§ **DATA TO USE**:

━━━━━━━━━━

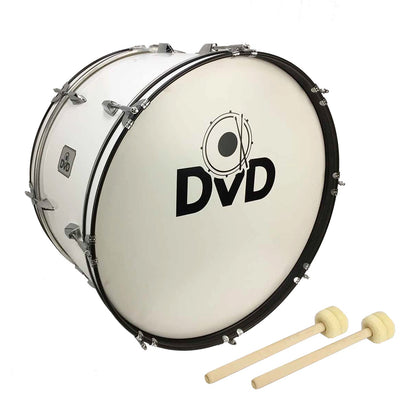 Bombo DVD blanco de 24" con cincho y accesorios-1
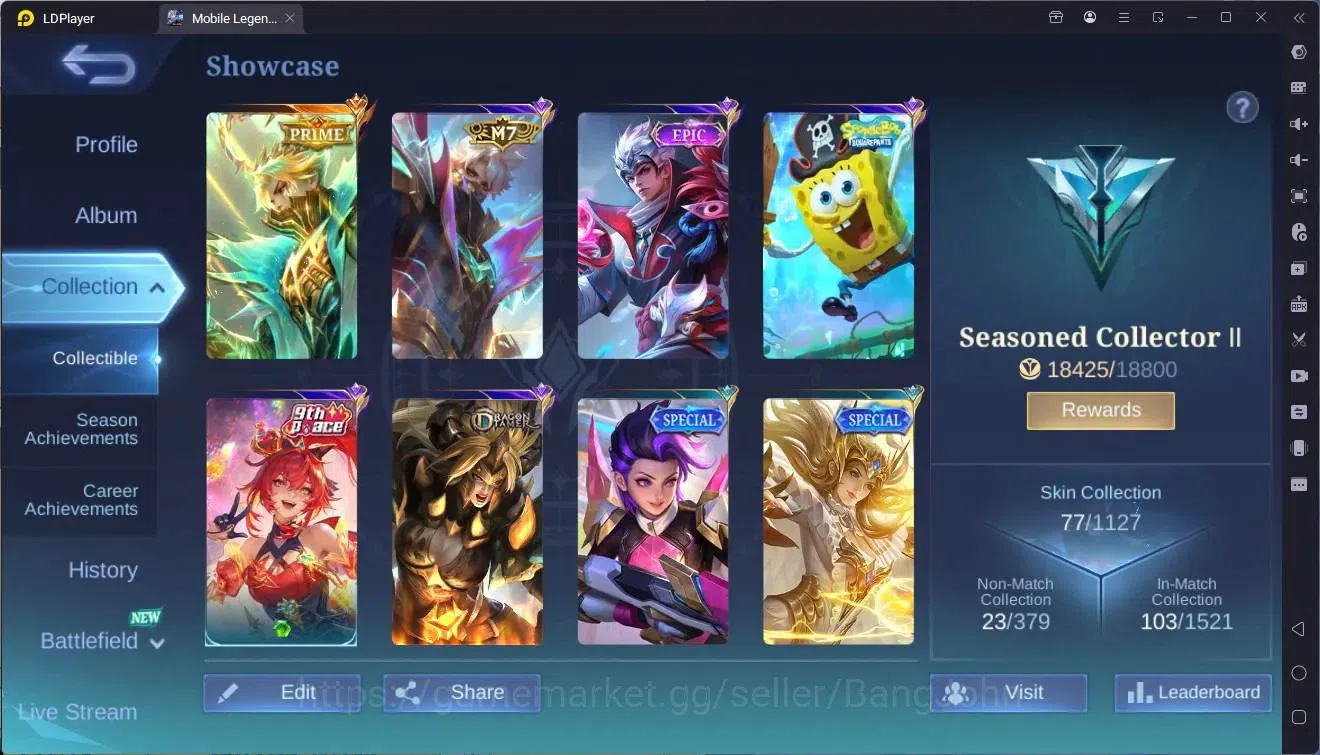 Mobile Legends: Bang Bang Accounts Collector Global |Hero 76|Skin 77|Seasoned|Prime Granger|Spongebob Cyclops|M7 Granger|9th 2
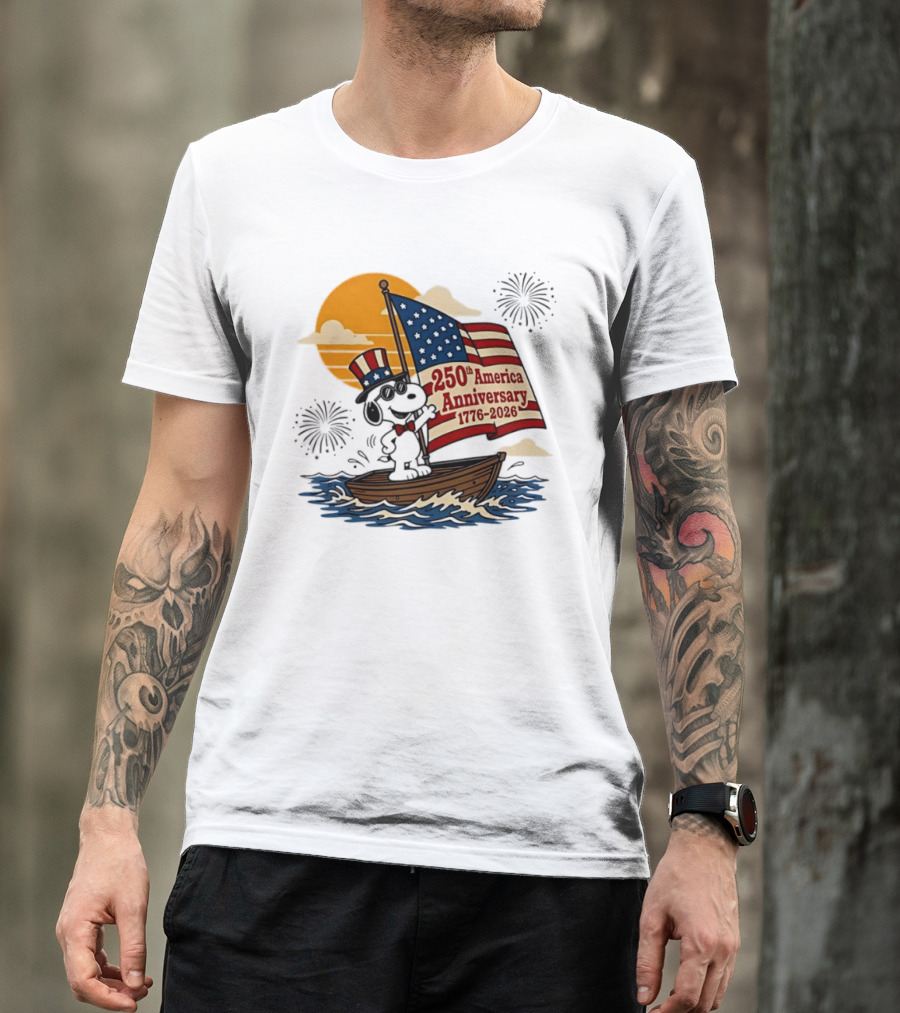 Snoopy 250th America Anniversary 1776 2026 Sailboat Celebration T-Shirt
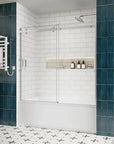 Side view of bathtub sliding glass doors frameless, chrome finish, size 60 x 58 inches | Ace Decor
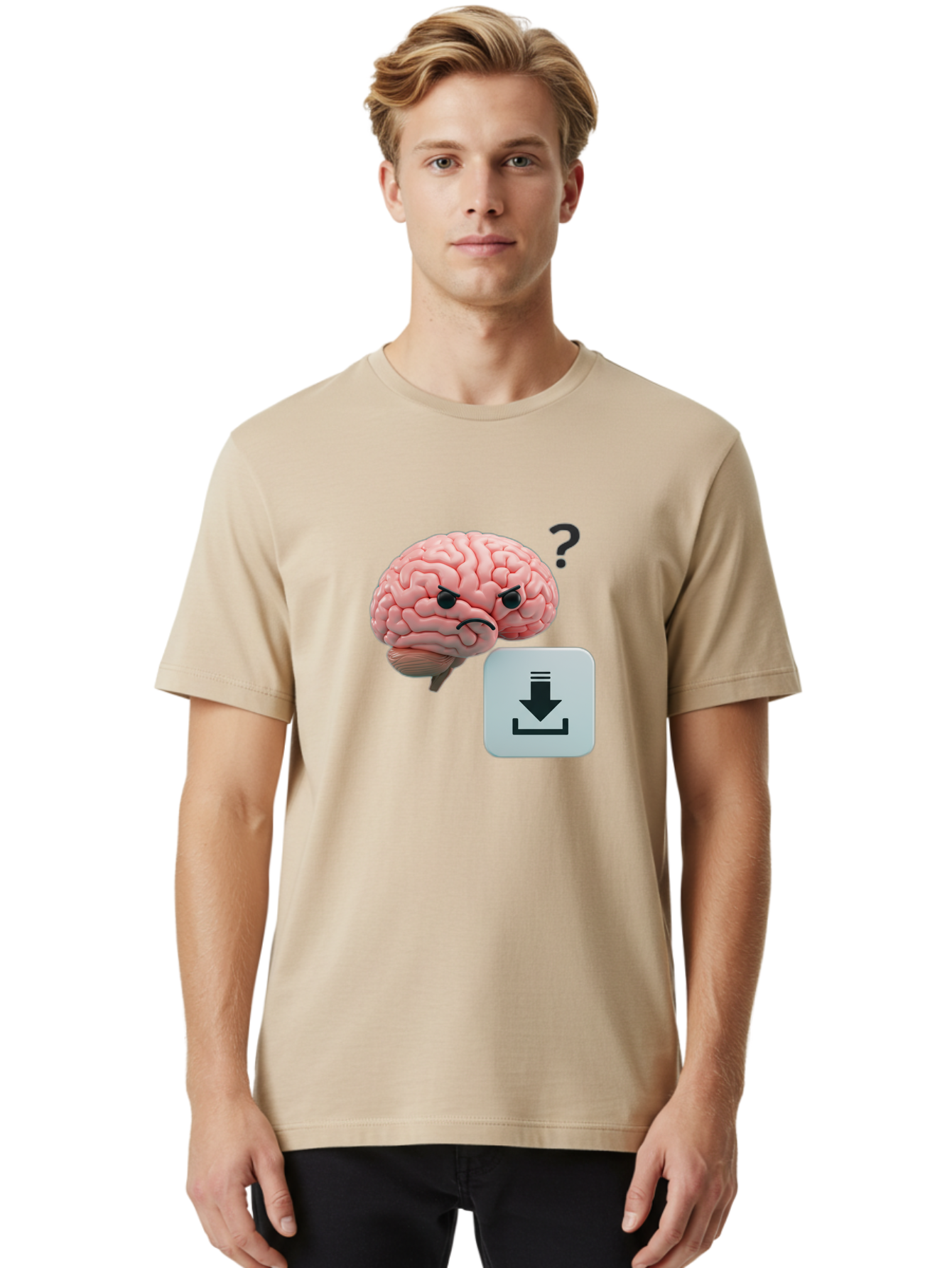 Brain-With-Download-Icon Men'S Graphic Tee, 100% Cotton, Comfortable Casual Summer Wear, Machine Washable, Brain With A Frowning Face, Question Mark, Download Icon, Cognitive Function, Mental Processing, Knowledge Transfer, Digital Brain, Baa213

━━━━━━━━━━

§ **YOUR GOAL**: Line by line, reproduce the material above exactly, leaving each picture out.

§ **RESULT FOR THIS TASK**:
 Bombo DVD blanco de 24" con cincho y accesorios-1
 Mobile Legends: Bang Bang Accounts Collector Global |Hero 76|Skin 77|Seasoned|Prime Granger|Spongebob Cyclops|M7 Granger|9th 2
 Snoopy 250th America Anniversary 1776 2026 Sailboat Celebration T-Shirt
 Side view of bathtub sliding glass doors frameless, chrome finish, size 60 x 58 inches | Ace Decor
 Brain-With-Download-Icon Men'S Graphic Tee, 100% Cotton, Comfortable Casual Summer Wear, Machine Washable, Brain With A Frowning Face, Question Mark, Download Icon, Cognitive Function, Mental Processing, Knowledge Transfer, Digital Brain, Baa213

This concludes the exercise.